--- Exercise goal ---
Restate word for word, and only, the lines that extend from the line containing "Face & bikini" through the end of the records below.

Dataset records
· · · ·
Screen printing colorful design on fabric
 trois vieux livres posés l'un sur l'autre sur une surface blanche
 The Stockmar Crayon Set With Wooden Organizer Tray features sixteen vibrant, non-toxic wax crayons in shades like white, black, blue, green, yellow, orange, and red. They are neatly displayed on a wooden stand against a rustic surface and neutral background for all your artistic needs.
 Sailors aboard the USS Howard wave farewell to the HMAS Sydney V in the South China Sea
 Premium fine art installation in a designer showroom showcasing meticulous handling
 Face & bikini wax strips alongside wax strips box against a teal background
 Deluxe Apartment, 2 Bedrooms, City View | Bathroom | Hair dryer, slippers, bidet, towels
· · · ·
--- Answer area ---
 Face & bikini wax strips alongside wax strips box against a teal background
 Deluxe Apartment, 2 Bedrooms, City View | Bathroom | Hair dryer, slippers, bidet, towels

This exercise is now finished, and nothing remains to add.